Mean Ol’ Mr. Perfectionist

My mouth is dry, I am already nervous and I still have about 8 hours before my presentation.

You would think after 2 years of grad school, I would be fairly comfortable with presentations by now. But, I’m not. I am certainly less nervous than I used to be, but that old friend, Mr. Perfectionist, always shows up right before my presentations.

Because of Mr. Perfectionist, I work very hard on my presentations, and rehearse them until I feel prepared. During my rehearsals, everything sounds great. So what the heck happens when I get in front of the class? The same words that I knew by heart have been replaced with Mr. Perfectionist’s words. His words aren’t usually kind-more like, “Wow, did you really just say that?”, and “Nobody cares what you are talking about” , and even “This presentation isn’t even close to what your professor wanted.”

I don’t like Mr. Perfectionist, but he has been a part of my life forever, so I have learned that if I forcefully tell him to shut up, I can usually silence his negativity.

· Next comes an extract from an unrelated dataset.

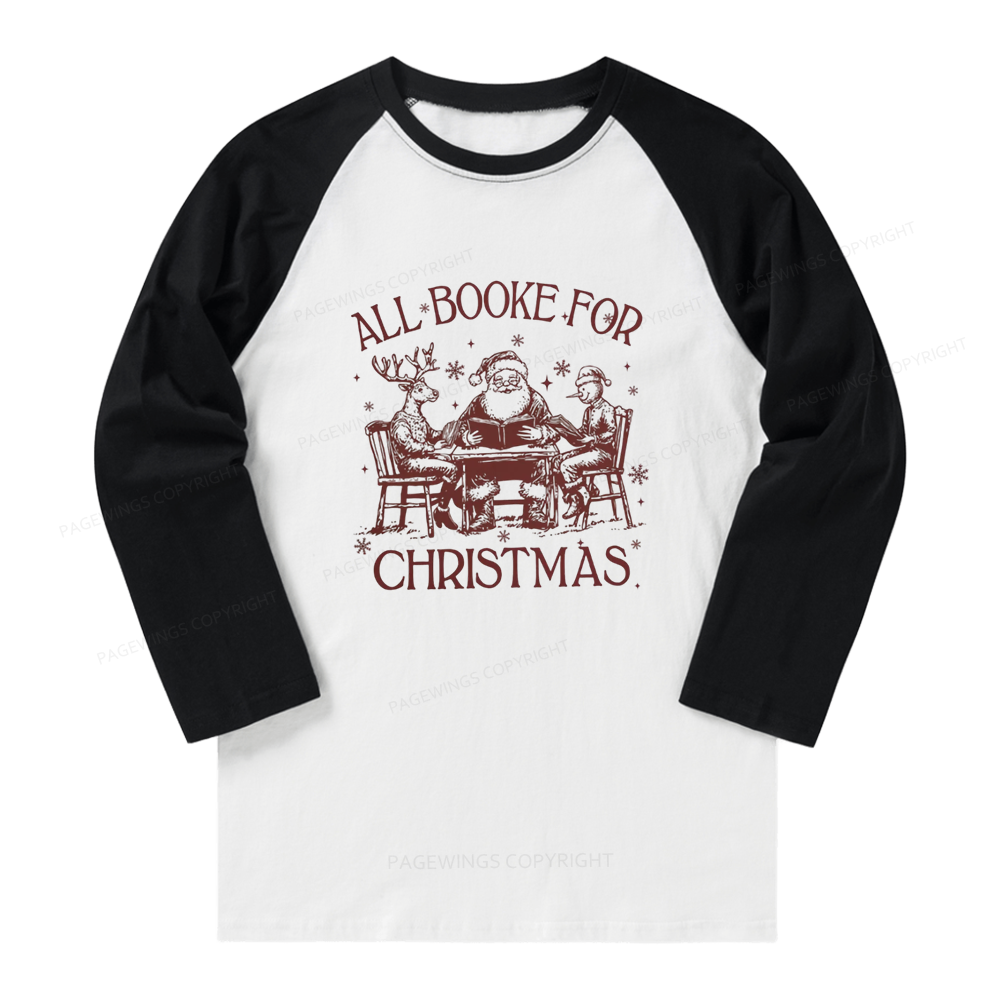 Pagewings Retro All Booked For Christmas Long Sleeve Raglan T-shirt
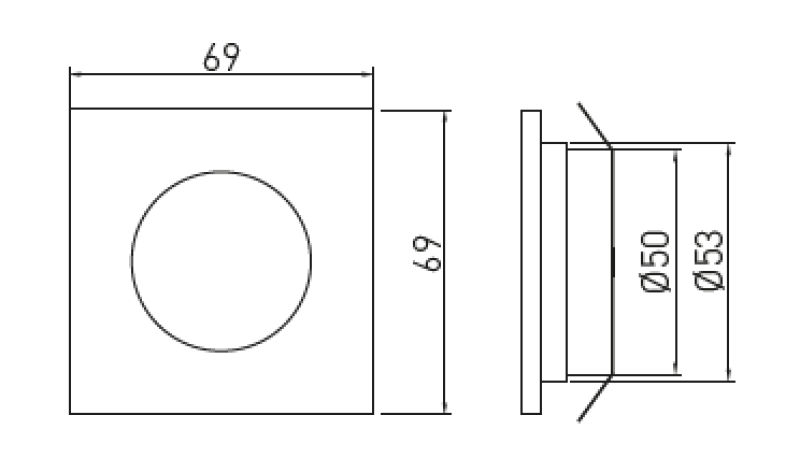 Decor Marbella Zestaw oświetlenia kuchennego z 3 kwadratowymi reflektorami wpuszczanymi, światło ciepłe białe 1208962909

I imagine this is similar to when counselors teach their clients new communication skills. The clients likely practice and become proficient in the new skills during session, but do the new skills ALWAYS generalize to our clients’ lives? I would be willing to bet the answer is no.

Obviously when we learn new skills we must practice them, but it is much harder to apply these skills when we are not in the comfortable environment of home, or the counselor’s office. It is very easy to slip back into our previously learned communication methods, or to let our automatic thoughts (Mr. Perfectionist) be in control.

When clients return and are upset that they haven’t mastered their new communication skills when in their natural environments, we must be supportive and indicate that perfection is not the goal. What is most important is that the client tried. They likely had success in some areas, but are too distraught by their failure to see that. New skills will not be mastered or even comfortable immediately. We give children plenty of leeway when they are learning new skills, so why do we adults expect to master new skills without any setbacks? We should let our clients know failure is to be expected when learning and applying something new. Even when failure occurs, if we can look back and truthfully state that we have done the best we can do, then we should be happy with the progress that we have made.

We must commit to doing the best we can everyday, and not beat ourselves up when things don’t go exactly as planned or rehearsed.

As for me, I will kick Mr. Perfectionist to the curb with some relaxing music today. No matter what transpires, in 9 hours my presentation will be over and I will have done my best. That’s good enough for me.